#### ASSIGNED TASK
Beginning with the line that contains "Used 2013 Nissan", copy each remaining line of the data below exactly.

#### RECORDED DATA
_ _ _ _ _

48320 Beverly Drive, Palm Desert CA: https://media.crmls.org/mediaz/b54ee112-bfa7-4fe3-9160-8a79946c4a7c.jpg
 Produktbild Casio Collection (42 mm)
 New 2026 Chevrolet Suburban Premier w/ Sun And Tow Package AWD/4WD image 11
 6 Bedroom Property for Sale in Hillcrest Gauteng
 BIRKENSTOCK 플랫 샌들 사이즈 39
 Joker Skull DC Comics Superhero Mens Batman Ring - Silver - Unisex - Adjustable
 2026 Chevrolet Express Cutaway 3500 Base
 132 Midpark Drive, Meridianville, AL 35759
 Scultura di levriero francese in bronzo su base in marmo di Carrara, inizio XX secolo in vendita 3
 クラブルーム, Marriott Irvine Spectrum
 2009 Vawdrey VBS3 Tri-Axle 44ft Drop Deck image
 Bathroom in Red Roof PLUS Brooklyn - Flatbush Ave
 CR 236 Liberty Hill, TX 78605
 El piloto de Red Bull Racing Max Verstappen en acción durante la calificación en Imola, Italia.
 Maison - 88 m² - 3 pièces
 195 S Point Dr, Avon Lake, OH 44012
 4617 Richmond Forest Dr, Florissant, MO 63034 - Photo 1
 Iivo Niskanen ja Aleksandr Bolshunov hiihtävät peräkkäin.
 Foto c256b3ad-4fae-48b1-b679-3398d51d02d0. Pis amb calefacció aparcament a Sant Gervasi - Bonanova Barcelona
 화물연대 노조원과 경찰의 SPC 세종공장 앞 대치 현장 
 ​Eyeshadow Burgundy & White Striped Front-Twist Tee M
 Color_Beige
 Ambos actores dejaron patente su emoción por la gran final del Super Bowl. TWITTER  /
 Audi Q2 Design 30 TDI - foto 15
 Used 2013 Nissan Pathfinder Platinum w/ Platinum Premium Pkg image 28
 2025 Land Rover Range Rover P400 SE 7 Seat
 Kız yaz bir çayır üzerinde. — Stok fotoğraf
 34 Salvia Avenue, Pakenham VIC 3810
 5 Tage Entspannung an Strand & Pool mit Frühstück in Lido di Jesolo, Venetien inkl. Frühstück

_ _ _ _ _

#### PROBLEM SOLUTION
 Used 2013 Nissan Pathfinder Platinum w/ Platinum Premium Pkg image 28
 2025 Land Rover Range Rover P400 SE 7 Seat
 Kız yaz bir çayır üzerinde. — Stok fotoğraf
 34 Salvia Avenue, Pakenham VIC 3810
 5 Tage Entspannung an Strand & Pool mit Frühstück in Lido di Jesolo, Venetien inkl. Frühstück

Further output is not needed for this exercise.